Blog Building a data quality framework with dbt and dbt Cloud

Building a data quality framework with dbt and dbt Cloud

Matt Winkler

Mar 21, 2024

How To

We’ve all heard the saying: garbage in / garbage out. Applying that notion to the realm of data has never been more important. Not only are important strategic decisions being made from descriptive data, but as AI and machine learning continue to grow in importance for organizational decision making, the stakes are higher than ever to manage and optimize data quality.

Yet, data pipelines are notoriously hard to manage. Without a solid framework for testing and pipeline maintenance in place, data teams often find themselves with poor outcomes:

  • They can’t ship fast enough without risking breaking changes, which means
  • They lose the trust of the business teams that depend on data, and so organizations becomes less data-driven

Here are a few examples of how this might manifest:

  • A data analyst updates a query running live in production, and introduces a bad join, which causes other downstream queries to break. (Not pointing fingers, either! I would venture to say most people working in data have been this data analyst at some point in their career.)
  • The product team adjusts the order of questions in a questionnaire, which has the unintended consequence of reducing the response rate for questions that have been moved to the end. Meanwhile, executive leadership sees a sudden sharp decrease in a customer satisfaction KPI they use to track customer sentiment, and they sound the alarm to the data team. The data team spends a day tracing their web of SQL scripts back to the original source data to defend their own work.

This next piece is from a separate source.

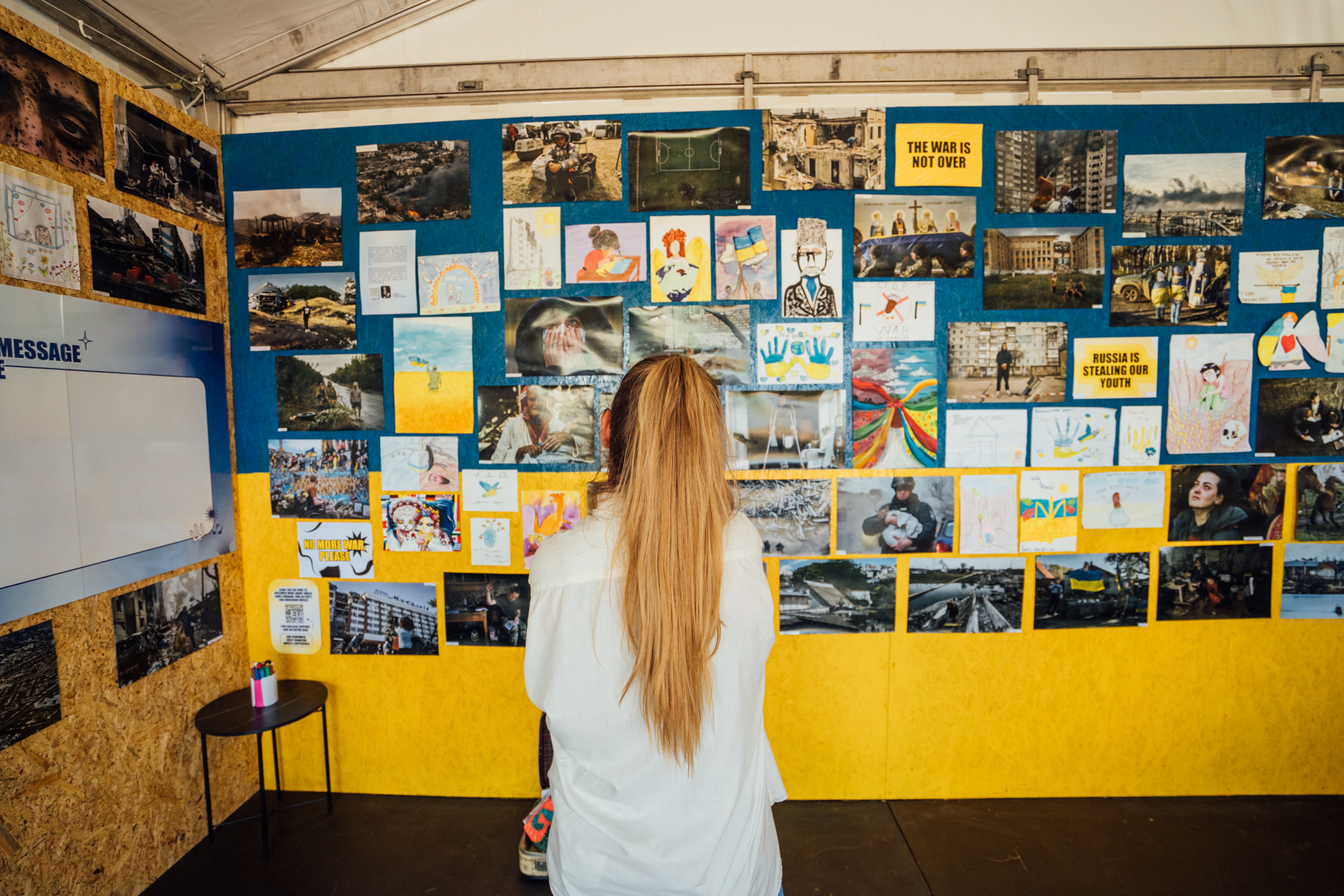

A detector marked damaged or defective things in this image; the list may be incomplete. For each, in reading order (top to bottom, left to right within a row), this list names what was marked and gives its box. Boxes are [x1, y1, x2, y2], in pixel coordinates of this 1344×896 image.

The testing capabilities in dbt and dbt Cloud enable you to turn this situation on its head, and become proactive about data quality. With dbt Cloud:

  • Instead of the data analyst updating a production query directly, they have a workflow to automatically test their changes in lower environments first, before it affects production.
  • The data team can detect the decrease in the customer satisfaction KPI proactively. They can act on this knowledge by following up with the product team directly and alerting management, increasing trust by putting themselves in the driver’s seat working towards a resolution.
After all, what good is all this data if it takes too long for you to manage, and your downstream consumers can’t derive consistent and actionable answers from it?

How to approach testing in dbt

dbt and dbt Cloud offer various testing capabilities, but it can be difficult to know where to start. Below is our recommended framework for how to approach testing in dbt, in sequential order of relative ease of implementation and expected benefit. We’ll go into detail on each of these in this post.

Depending on the processes you already have in place for data testing, your testing implementation may not follow this exact order. For example, if you already have robust data type checks and constraints in your data loading process, you might skip or deprioritize the third step of implementing source data testing.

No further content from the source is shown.